The logic is almost similar to that of system.cpp with one change that
instead of adding all the memory pools to a device struct it only
keeps a single pool. The existing approach also always allocated memory on
the first HSA pool found for a GPU.

This depends on D104691. The goal of this series of patches is to remove
_atl_machine global. The next patch will drop g_atl_machine entirely.

Diff Detail

Event Timeline

pdhaliwal created this revision.Jun 22 2021, 3:00 AM
pdhaliwal requested review of this revision.Jun 22 2021, 3:00 AM
Herald added a project: Restricted Project. · View Herald TranscriptJun 22 2021, 3:00 AM
openmp/libomptarget/plugins/amdgpu/src/rtl.cpp
373

This looks like it can return a hsa_status_t directly

hsa_status_t Err = get_info();
if (Err != HSA_SUCCESS) return Err;
if (!AllocAllowed) return HSA_ERROR; // or a more specific enum
return HSA_SUCCESS;

384

control flow here is simpler if the bool Valid is dropped by isValidMemoryPool returning a hsa_status_t

478

Is this per-cpu-agent, or per-cpu-agent-with-nonzero-memory-pool? I wonder if we'd be better off with a scalar hsa_amd_memory_pool_t HostFineGrainedMemoryPool; for now

722

Ah, it includes the agents with zero available memory. Not sure distinguishing between CPU agents is helpful at present.

Also, doesn't this plus the (size > 0) check mean that a threadripper would have a vector of length 4 of the host pools, but only index 0 and 1 would be populated, and not correspond to the iteration order of CPU agents?

pdhaliwal added inline comments.Jun 22 2021, 4:28 AM
openmp/libomptarget/plugins/amdgpu/src/rtl.cpp
373

I was thinking that it would be a good idea to stop early if there any kind of error in hsa API.

478

It is per-cpu-agent. I haven't added any zero size check following the existing logic. We always use only one memory pool so using single scalar should not cause any issues.

722

There is no size >0 check so it would populate all the slots.

pdhaliwal updated this revision to Diff 353616.Jun 22 2021, 5:51 AM

Fix clang-tidy errors and use scalar for host memory pool.

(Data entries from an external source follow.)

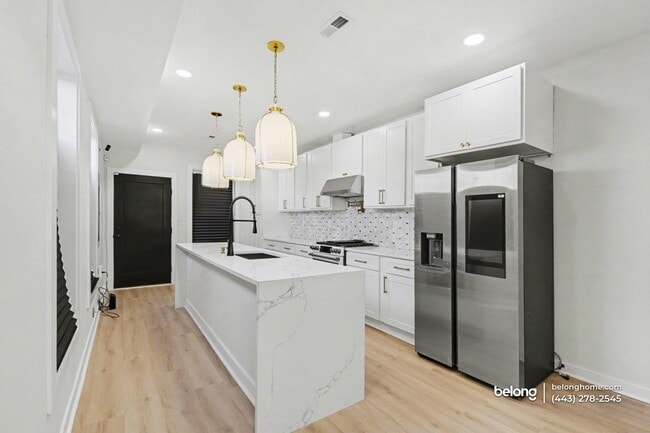 property at 1032 W Franklin St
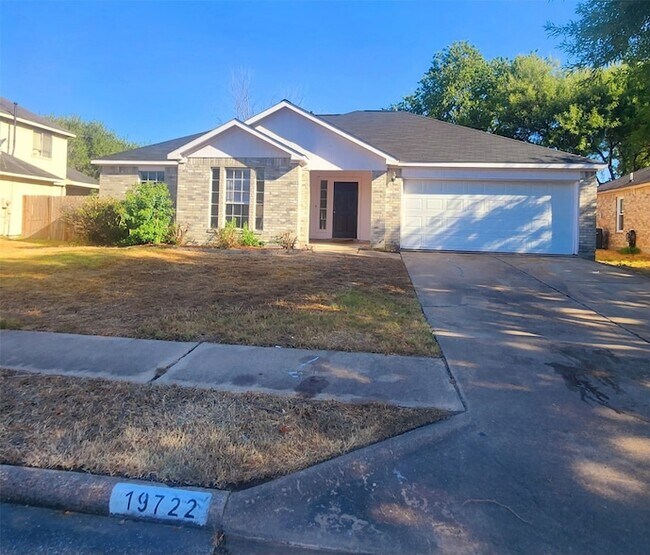 Foto del edificio - 19722 Ridge Falls Ct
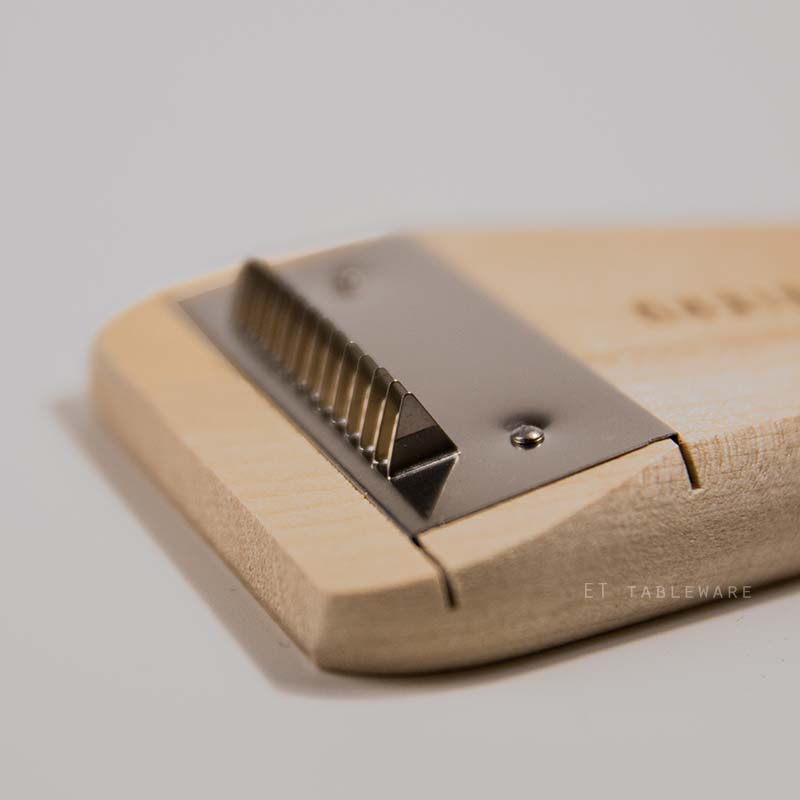 刀 ★ 日本天然木不銹鋼刨絲器｜13.5 x 5.5  ㎝｜單個 (刮蔥絲)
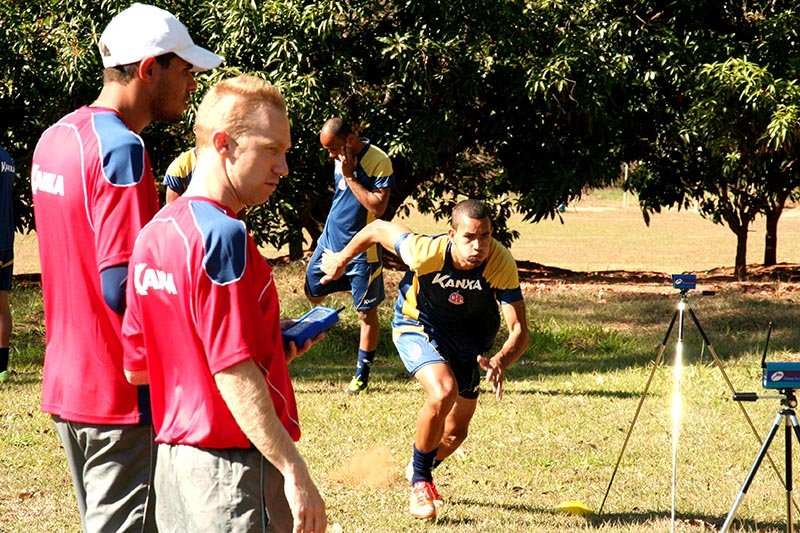 Elenco do Penapolense passa por avaliação física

openmp/libomptarget/plugins/amdgpu/src/rtl.cpp
373

that's probably fair, OK

595

Can probably return the error without printing here, the caller will know it was addDeviceMemoryPool that failed anyway. Medium term it's probably worth consolidating all the misc print statements into rtl.cpp and routing them through the DP() macro

638

This looks like it should be returning a hsa_status_t, the caller may want to disable offloading if the memory pool query fails

pdhaliwal updated this revision to Diff 353869.Jun 23 2021, 1:03 AM

Addressed review comments.

pdhaliwal marked 2 inline comments as done.Jun 23 2021, 7:32 AM
This revision is now accepted and ready to land.Jun 25 2021, 8:42 AM
This revision was landed with ongoing or failed builds.Jun 28 2021, 4:28 AM
This revision was automatically updated to reflect the committed changes.